Egyptian political science professor Moataz Abdel-Fattah – File photo
CAIRO – 11 October 2017: Why are powerful countries defeated in battles against weaker enemies?
This was a question put forward by Andrew Mark in a famous article back in 1975. Mark attempted to answer it by listing multiple historical examples of major conflicts ending with the victory of the financially weaker and less militarized side. But strategists have been baffled ever since; how does the United States handle such a dilemma?
Seeing as it is always the strongest – militarily and economically – it is difficult to imagine the U.S. as the defeated party. There are several factors that Mark mentioned as the basis for what is called "non-stereotypical warfare;" where the decisive criterion for winning has nothing to do with who has the biggest guns. Instead, the decisive criterion dictates that victory favors those who are willing to suffer more and bear higher costs.
Often, the weaker are more willing to bear the loss of life than the stronger side, which is usually more open and democratic. For democratic states, human and material losses present a pressure point internally.

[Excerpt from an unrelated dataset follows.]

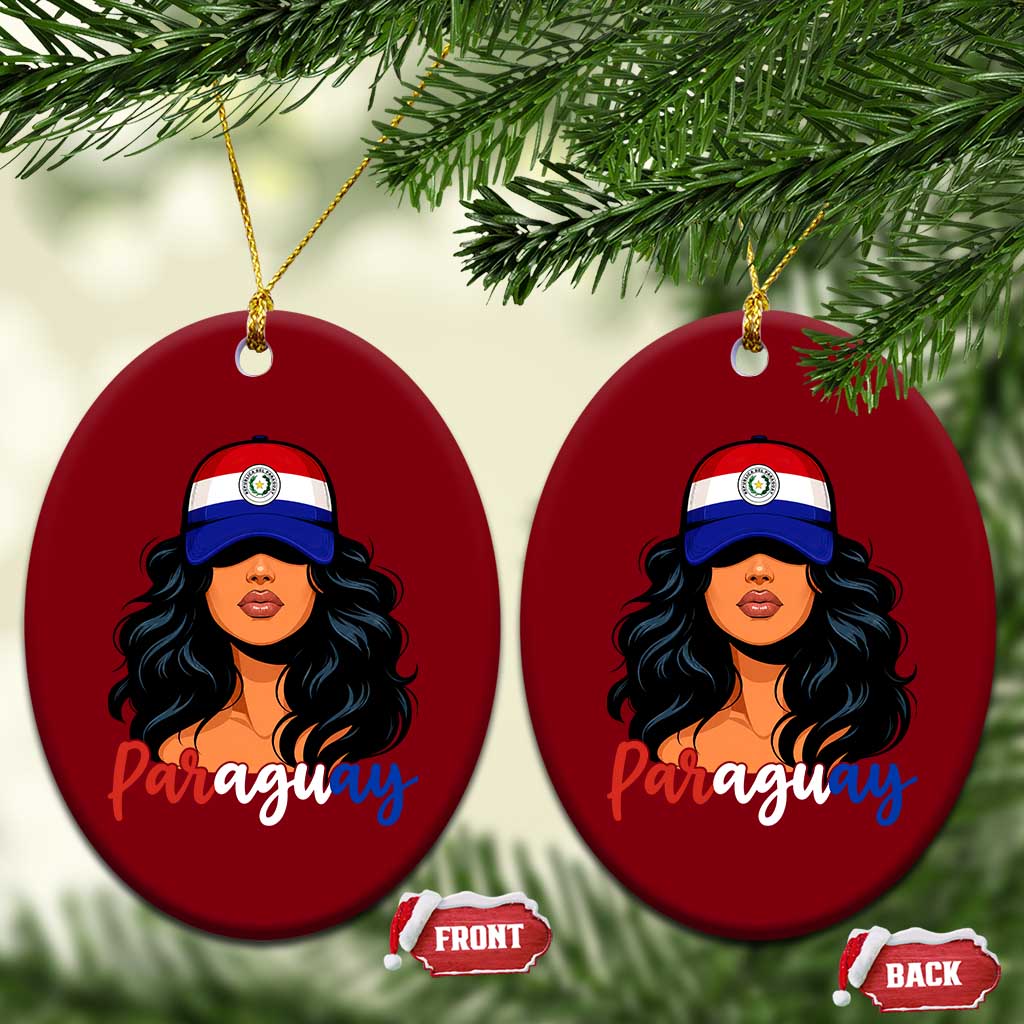 Proud Paraguayan Woman Melanin Curls Afro Latina Ceramic Ornament Paraguay Flag Roots Hispanic Heritage Pride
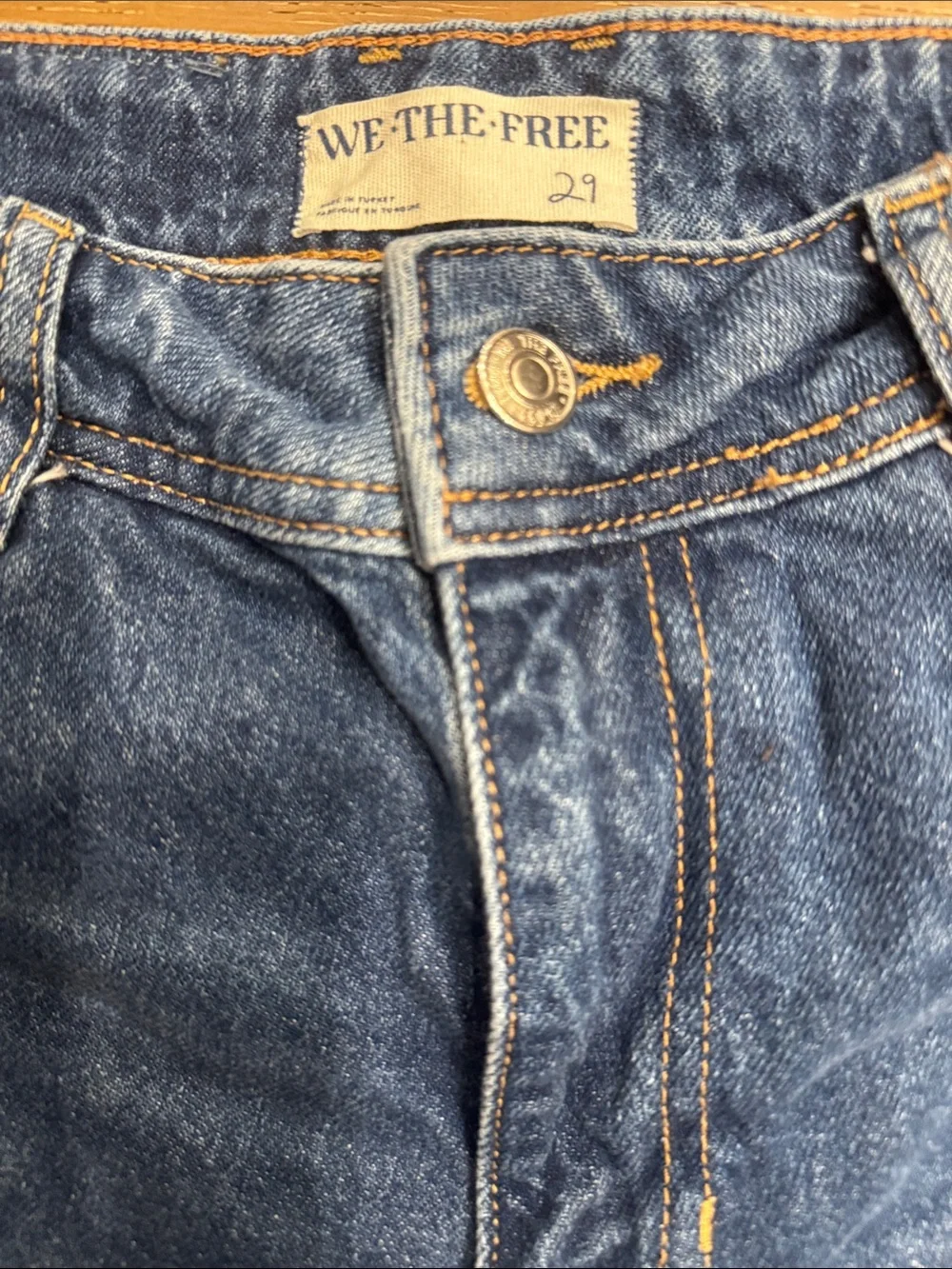 Free People We The Free Cruisin’ Wide Crop high rise Denim Shorts Size 29 - Picture 3 of 6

Weaker sides in conflicts also usually have strong links with foreign contacts, whose interests lie in the continuation of the conflict. Besides, the combat creed adopted by the weaker side in the battle usually determines the extent of their perseverance.
How do major powers act in such cases? How do they deter a weaker force that does not fear defeat and has genocidal tendencies? How do you save your son from the claws of a hungry fox, when he is indifferent to your warnings?
The answer is to render the enemy in continual internal strife; one that is self-weakening and causes its society to divide, thusly incapacitating the enemy from even thinking of entering into external battles. Even if they were to find domestic support at this point; they would still be discouraged because they would have become domestically weak and useless.
The president's statements on the fourth generation wars referred to this dilemma. Egypt continually faces enemies who tamper with Egyptian national security, and exploit its political conditions to render the fate of its army the same as that of the other armies in the region; impotent. Those other armies have been in effect extracted from the equation of total Arab strength by the enemies’ techniques.
Foreign occupation, that of the Iraqi situation, or internal division and civil strife such as those raging within the borders of Somalia, Sudan and Syria; are all techniques used by the stronger enemy to defuse war tendencies. How can you fight an external war when you’re homeland is tearing itself apart?
Fear of strife, paralysis, and social division set in during Mohamed Morsi’s presidency when the military leadership’s warnings to the Muslim Brotherhood were ignored; and their attempts to ensure national consensus were to no avail. This fear was especially heightened when the public took to the streets.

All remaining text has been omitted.